Last week I spoke on the phone with the Rev. Gareth Evans, the Rector of St. John’s who served her before the Rev. Tom Mousin. I knew Gareth when I was in Lincoln and he was in Acton, and we’ve reconnected a few times over the years; after I shared the news of Evie’s death, he called me just as I was headed out for a walk.
We spoke for a while about everything that was going on, and then he asked me how things were at St. John’s in general. I told him things are going well, all things considered; that the church continues, small but mighty, and that there are new faces every year — not to mention five baptisms this fall! (Upcoming this Sunday the 22nd, and on All Saints’ Sunday, November 5th.)
He paused for a moment, and pointed out how wonderful that was, and what a beautiful connection there was between the sadness of Evie’s death and the joy of five children being baptized in this church. And it’s true.

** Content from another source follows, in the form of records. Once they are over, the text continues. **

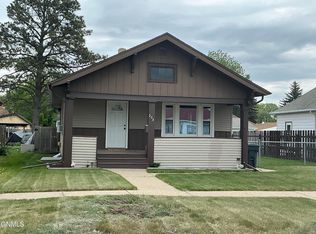 208 9th Ave SW, Mandan, ND 58554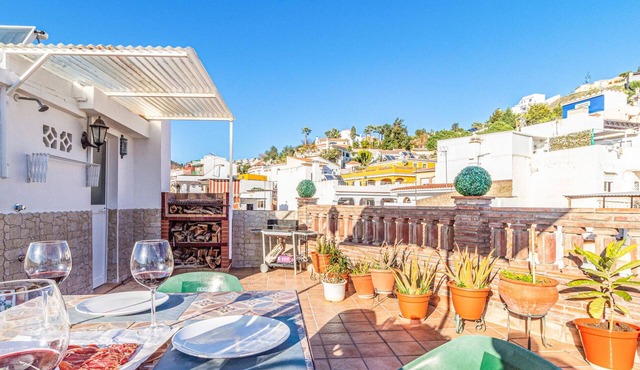 Stunning home in Málaga with WiFi
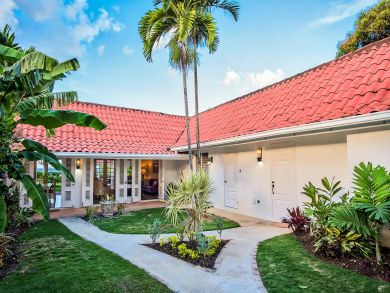 Runaway Bay Beachfront Luxury Vacation Villa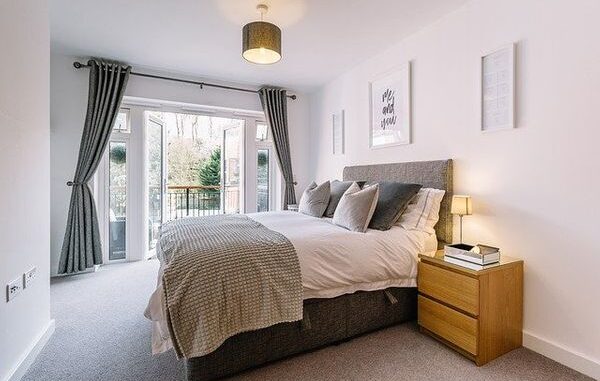 bedroom-5772286_640 (1) feng shui bedroom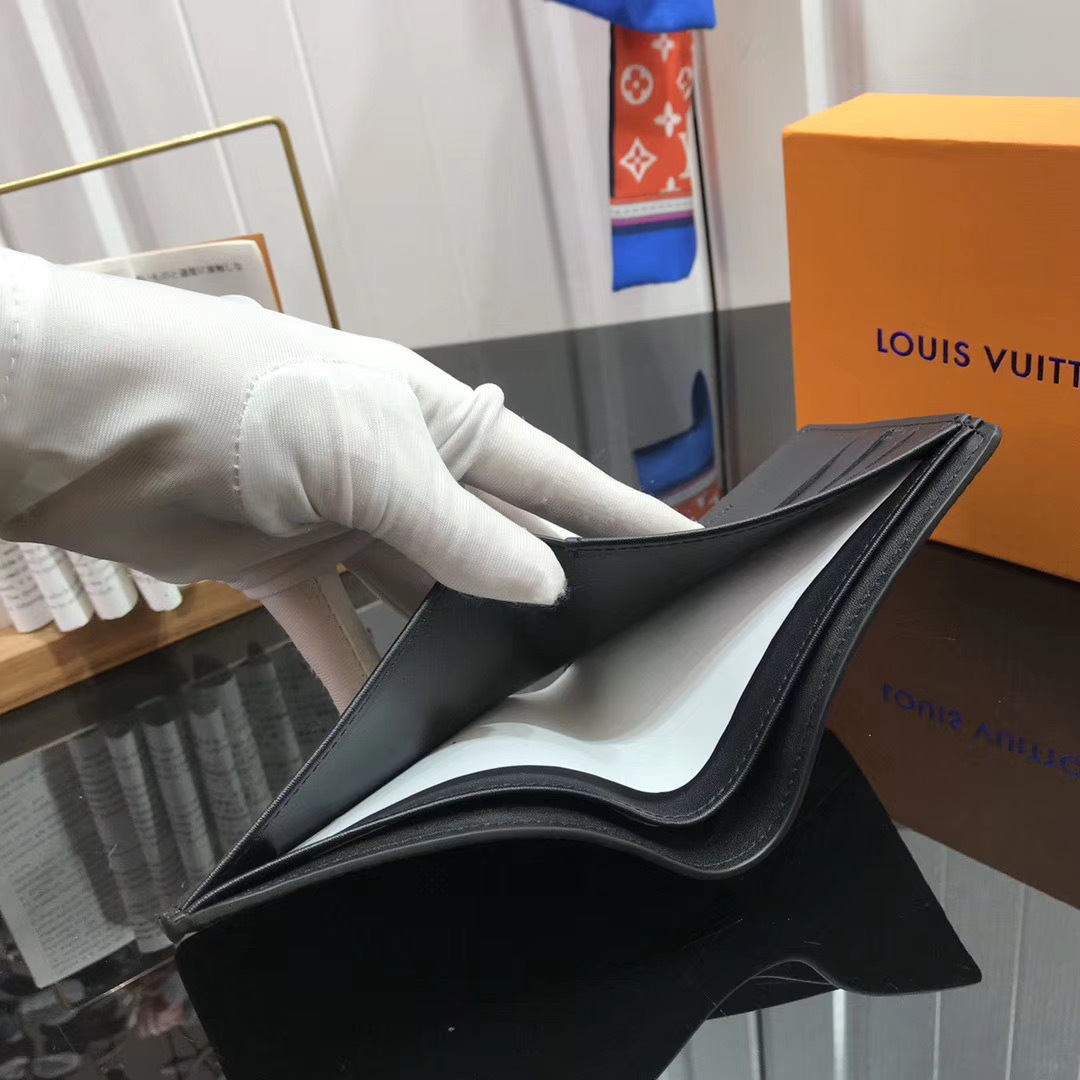 LV MULTIPLE wallet M30952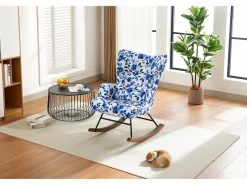 Elegante mecedora de terciopelo con estructura de metal y base de madera para un dormitorio con estilo.^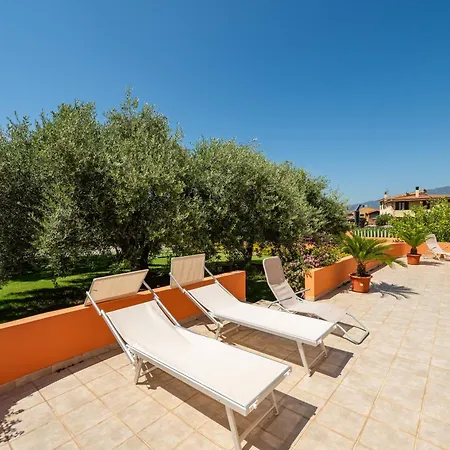 Appartement Erica Yuri Villa San Pietro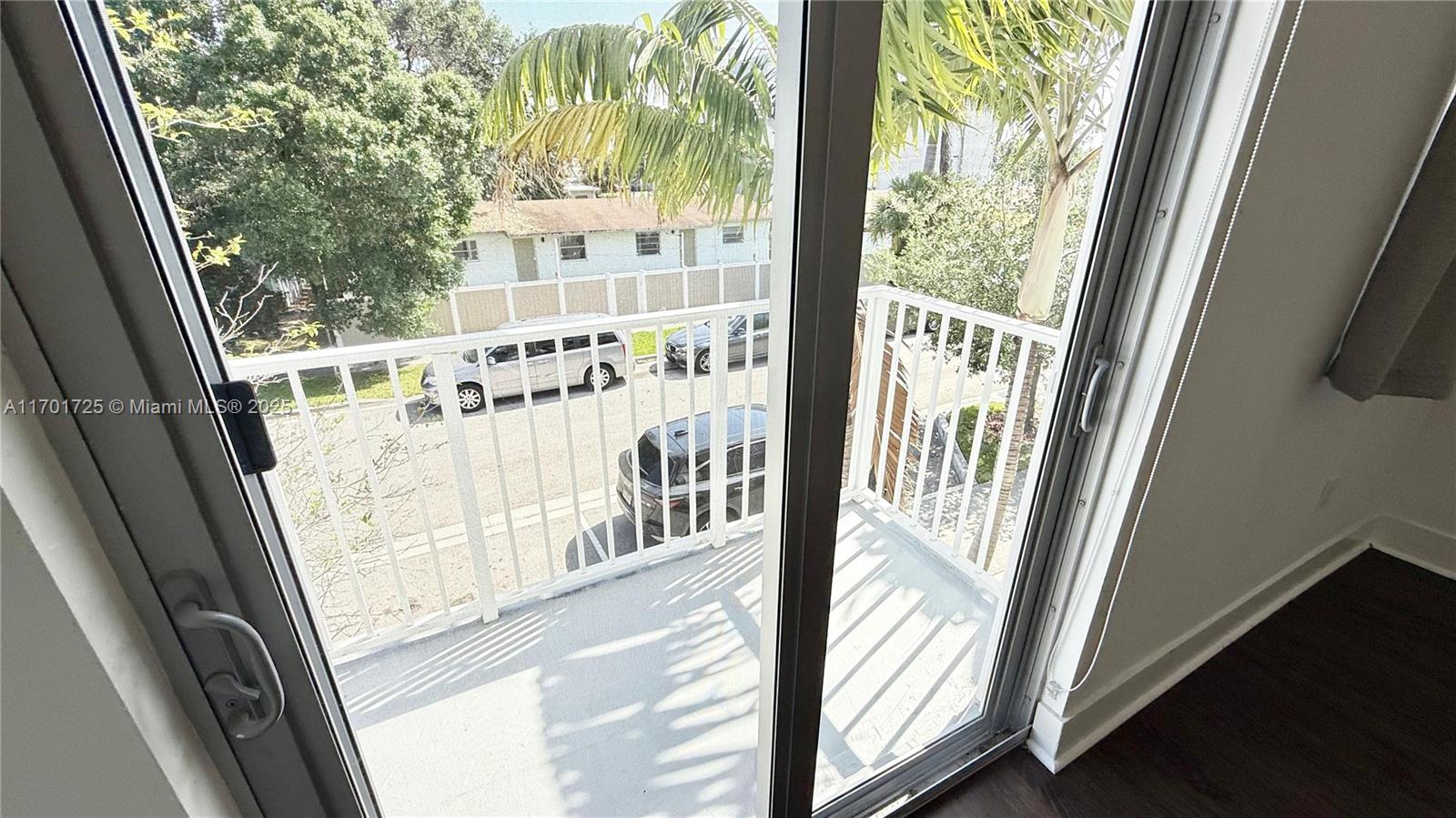WEITZER AVENTURA PLACE CO - Residential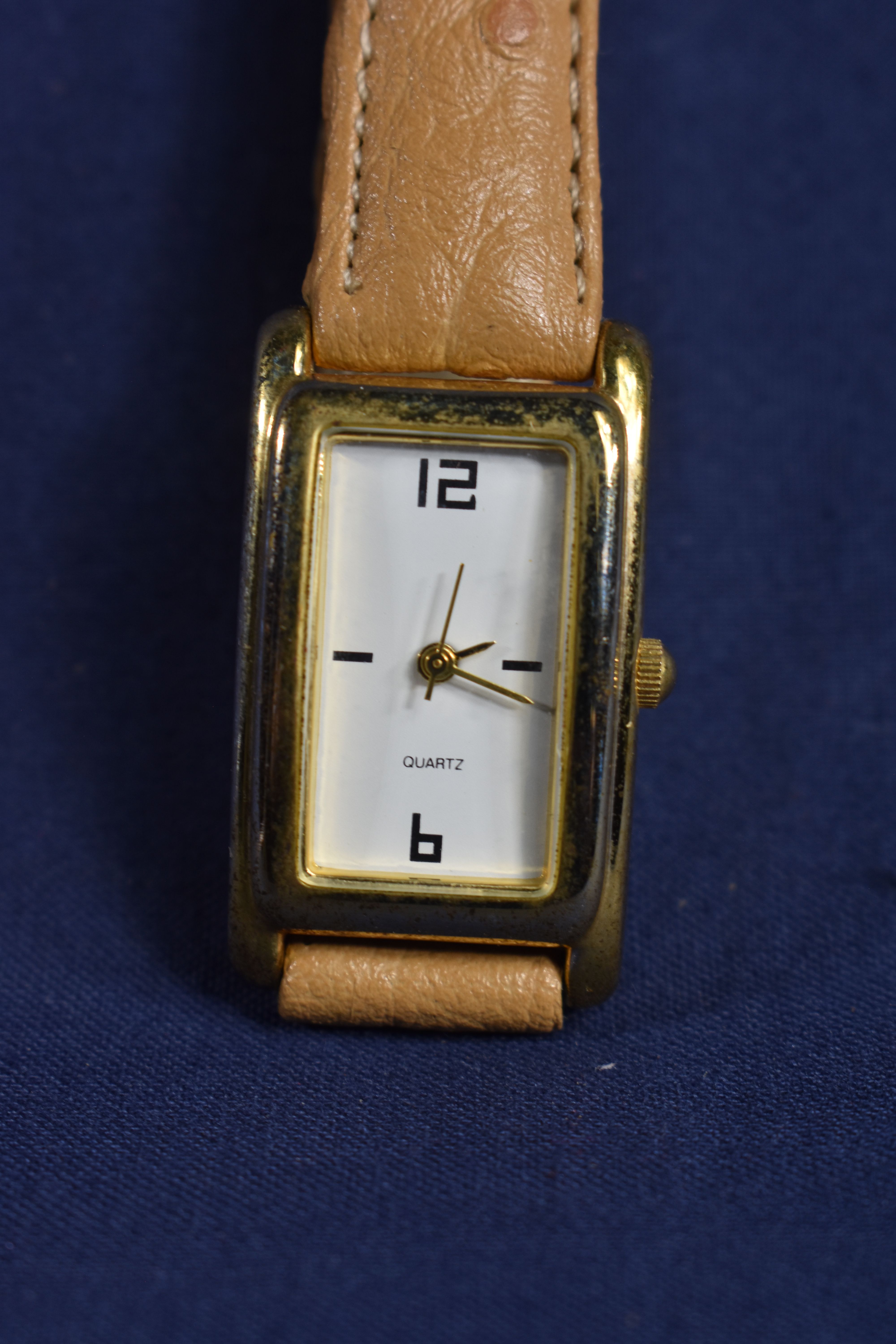 Voir photo 3 de Montre femme digitale rectangulaire marquée au dos " LDADPR " Montre femme digitale rectangulaire marquée au dos " LDADPR " Bon état reconditionné photo 3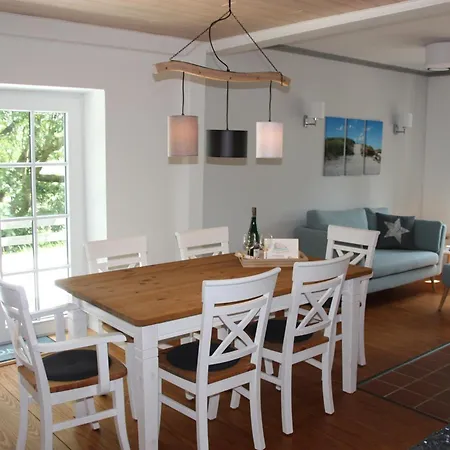 Semesterbostad Hus Sommerdiek *
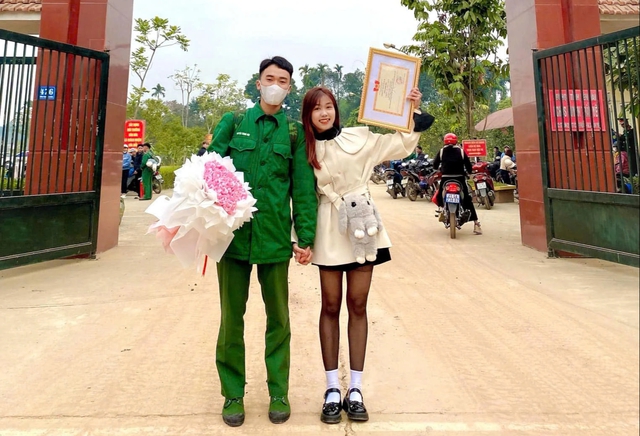 C&ocirc; g&aacute;i viết thư tay cho người y&ecirc;u đi nghĩa vụ qu&acirc;n sự trong suốt 2 năm- Ảnh 1.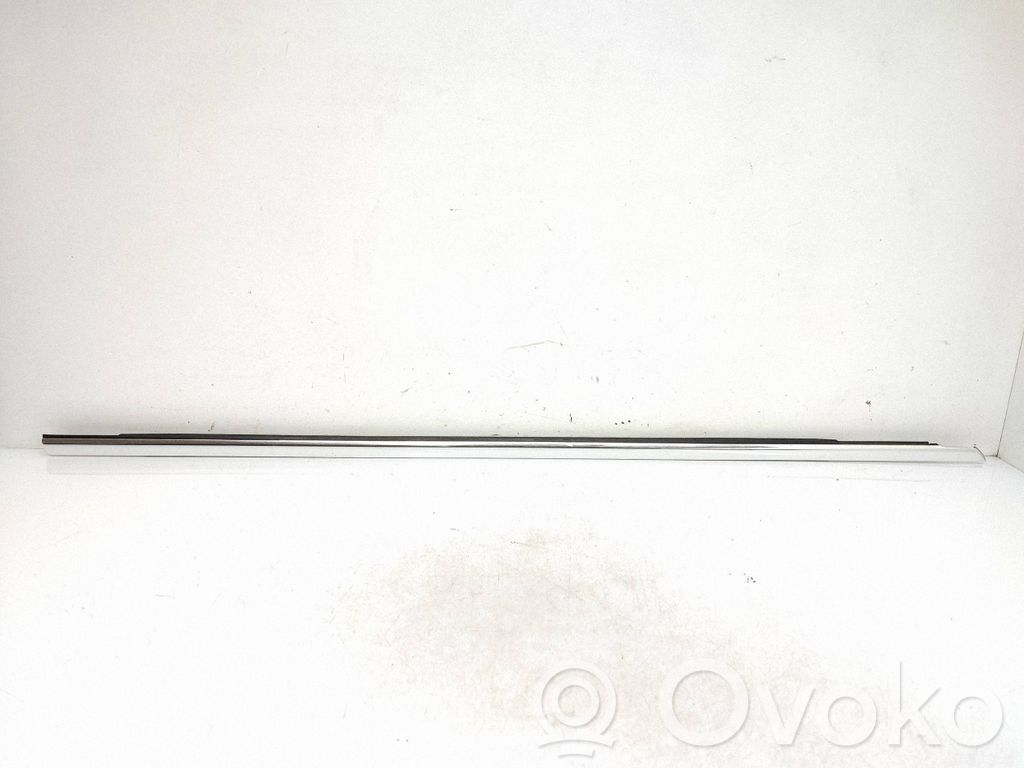Audi A4 S4 B9 Moulure de vitre de la porte avant 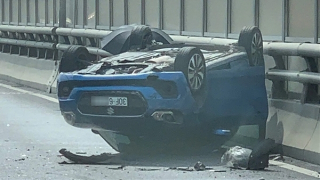 Ô tô "phơi bụng" trên đường vành đai ở Hà Nội, người dân cứu tài xế ra ngoài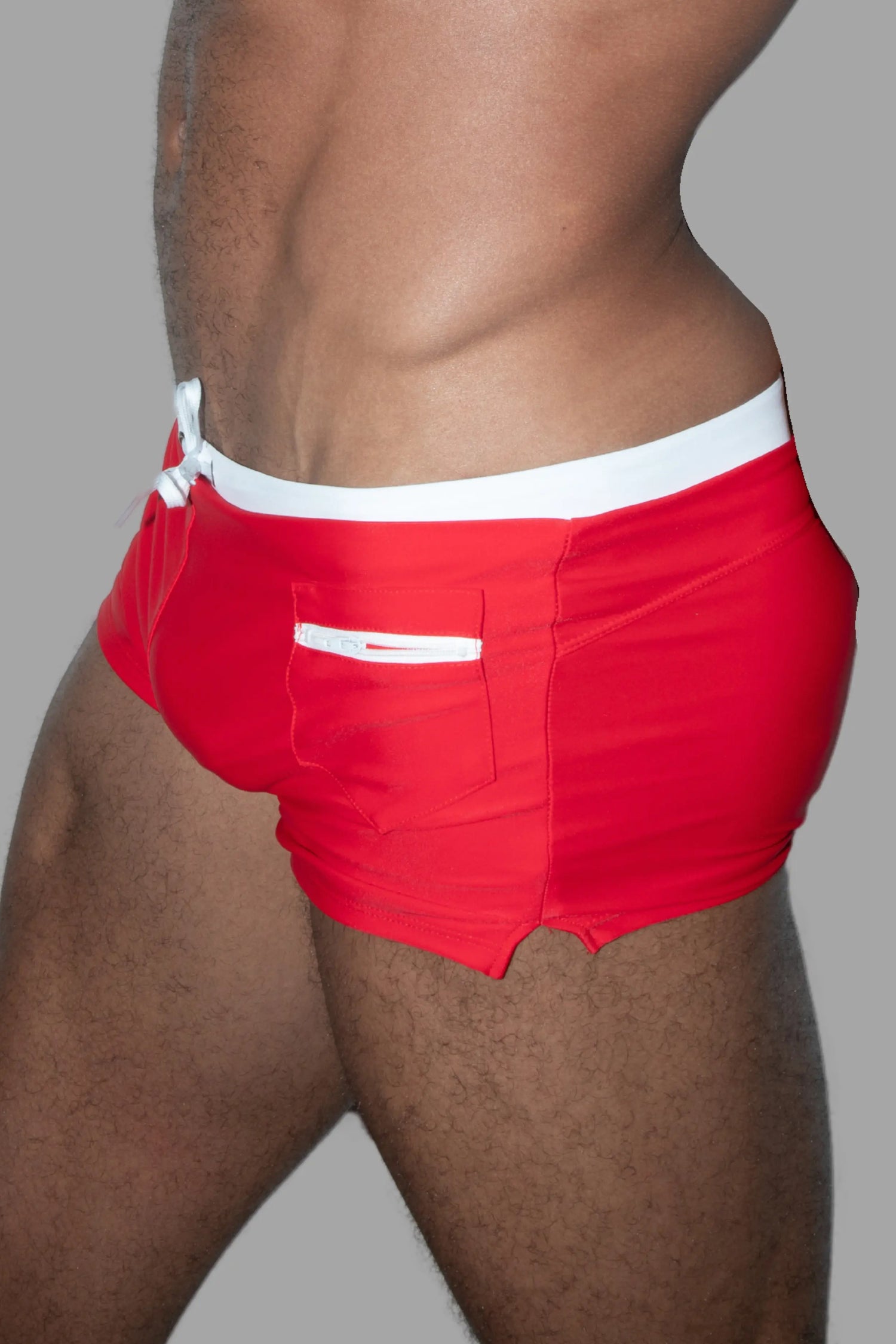 Derek Chase. Shorts de Club avec Poche. Rouge + Blanc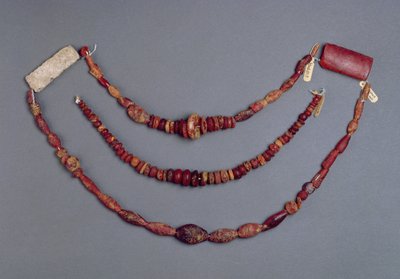 Tre perlestrenger fra Hallstatt, Østerrike, 700-500 f.Kr. (rav) av Iron Age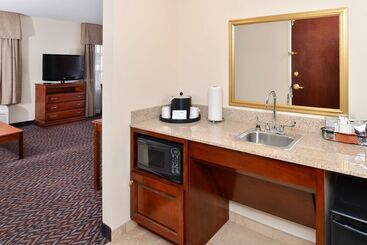 هتل Hampton Inn & Suites Daytonvandalia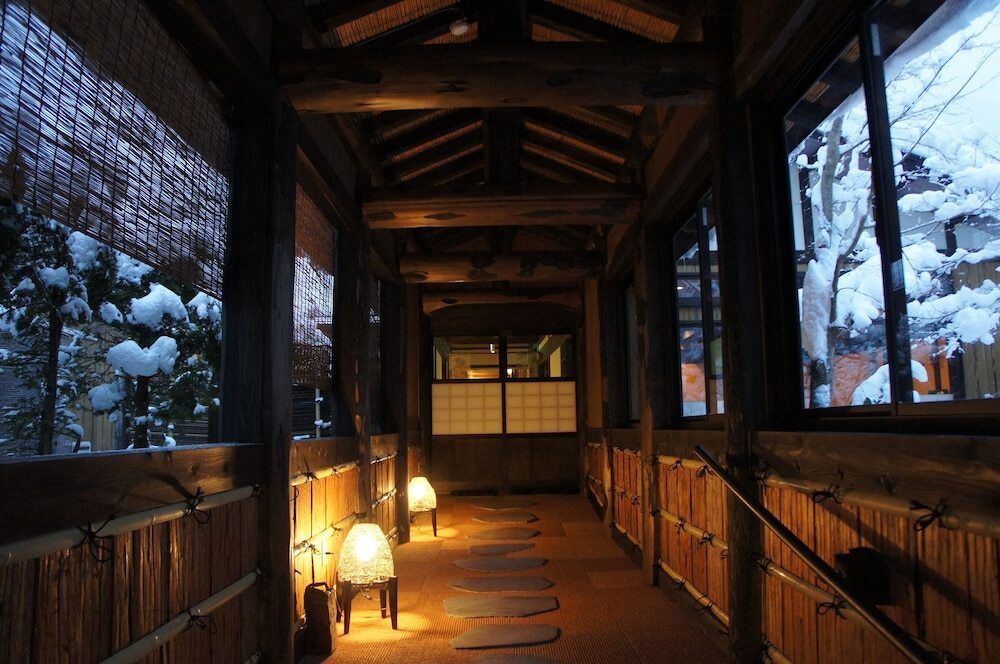 離れの露天風呂でも温泉を満喫3718408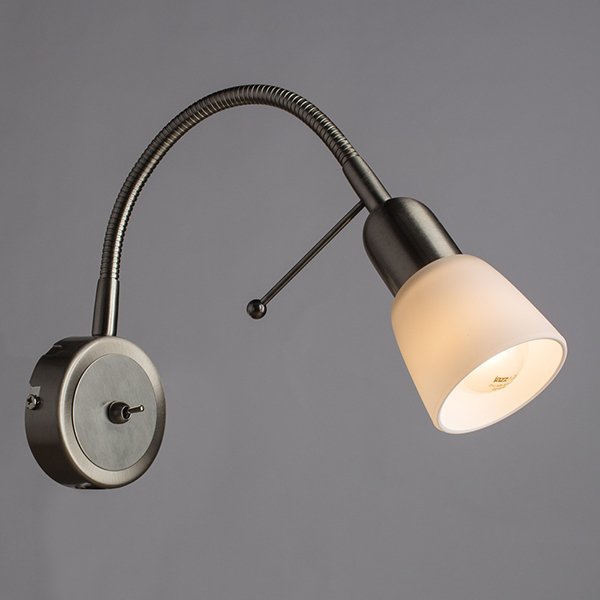 Бра Arte Lamp Lettura A7009AP-1SS, арматура серебро, плафон стекло белое, 7х34 см - фото 1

The connection isn’t just a theological one. It’s not only that our baptismal liturgy describes baptism as a kind of death (“We thank you, Father, for the water of Baptism. In it we are buried with Christ in his death…”). And it’s not only that our funeral liturgies, in turn, ascribe to baptism the hope of new life (“In the assurance of eternal life given at Baptism, let us proclaim our faith and say…”)
It’s that, in a very concrete way, Evie was one of the people who made this parish into the place that it is: a place where children are loved and cherished, and elders are honored, and neighbors become siblings in the family of God.
So this week, we mourn and we celebrate; we grieve and we rejoice. But what a reminder of the thousand small ways we can honor the memories of the ones we have loved and lost: to see new joy and infant tears, to welcome new children and celebrate with new families, in the same sacred place where we will have remembered Evie just a day before.